TASK BRIEF: Return each line of the listing in which the word "Turquoise" appears.

DATA EXTRACT:

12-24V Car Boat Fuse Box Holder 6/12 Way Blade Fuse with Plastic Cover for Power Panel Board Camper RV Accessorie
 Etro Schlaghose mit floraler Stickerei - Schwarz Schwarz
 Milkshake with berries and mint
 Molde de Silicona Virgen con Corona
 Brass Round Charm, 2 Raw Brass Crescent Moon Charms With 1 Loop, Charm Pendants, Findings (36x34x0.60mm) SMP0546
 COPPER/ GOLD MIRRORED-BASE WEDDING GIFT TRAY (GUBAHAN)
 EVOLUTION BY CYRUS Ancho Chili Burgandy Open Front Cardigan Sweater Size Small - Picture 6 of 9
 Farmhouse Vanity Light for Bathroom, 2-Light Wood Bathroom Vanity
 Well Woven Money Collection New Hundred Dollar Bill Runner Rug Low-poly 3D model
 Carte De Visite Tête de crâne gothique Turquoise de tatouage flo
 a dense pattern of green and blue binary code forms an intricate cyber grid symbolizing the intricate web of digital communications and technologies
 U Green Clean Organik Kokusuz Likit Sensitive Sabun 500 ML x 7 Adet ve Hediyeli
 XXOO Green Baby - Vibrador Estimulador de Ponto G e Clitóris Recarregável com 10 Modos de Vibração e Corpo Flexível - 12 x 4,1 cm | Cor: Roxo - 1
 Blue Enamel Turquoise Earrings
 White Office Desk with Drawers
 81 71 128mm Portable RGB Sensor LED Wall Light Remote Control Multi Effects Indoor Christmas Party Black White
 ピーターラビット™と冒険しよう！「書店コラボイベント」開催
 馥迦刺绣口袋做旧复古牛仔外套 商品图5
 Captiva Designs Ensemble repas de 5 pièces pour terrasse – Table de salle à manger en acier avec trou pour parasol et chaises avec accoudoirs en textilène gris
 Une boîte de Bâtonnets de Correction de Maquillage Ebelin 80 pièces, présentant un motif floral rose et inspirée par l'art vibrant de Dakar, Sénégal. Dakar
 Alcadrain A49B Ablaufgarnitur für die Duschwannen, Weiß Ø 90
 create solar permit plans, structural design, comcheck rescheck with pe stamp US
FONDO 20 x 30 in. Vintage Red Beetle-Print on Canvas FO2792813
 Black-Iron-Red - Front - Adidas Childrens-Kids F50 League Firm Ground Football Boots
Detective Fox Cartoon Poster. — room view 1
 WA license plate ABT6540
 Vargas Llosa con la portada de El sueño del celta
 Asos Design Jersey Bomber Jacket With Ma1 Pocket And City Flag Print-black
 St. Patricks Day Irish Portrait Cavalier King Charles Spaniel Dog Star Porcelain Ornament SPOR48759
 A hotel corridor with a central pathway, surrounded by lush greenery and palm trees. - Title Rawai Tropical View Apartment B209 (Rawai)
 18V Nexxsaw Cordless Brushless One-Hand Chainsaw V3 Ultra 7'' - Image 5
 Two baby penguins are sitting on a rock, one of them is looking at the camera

OUTPUT:
 Carte De Visite Tête de crâne gothique Turquoise de tatouage flo
 Blue Enamel Turquoise Earrings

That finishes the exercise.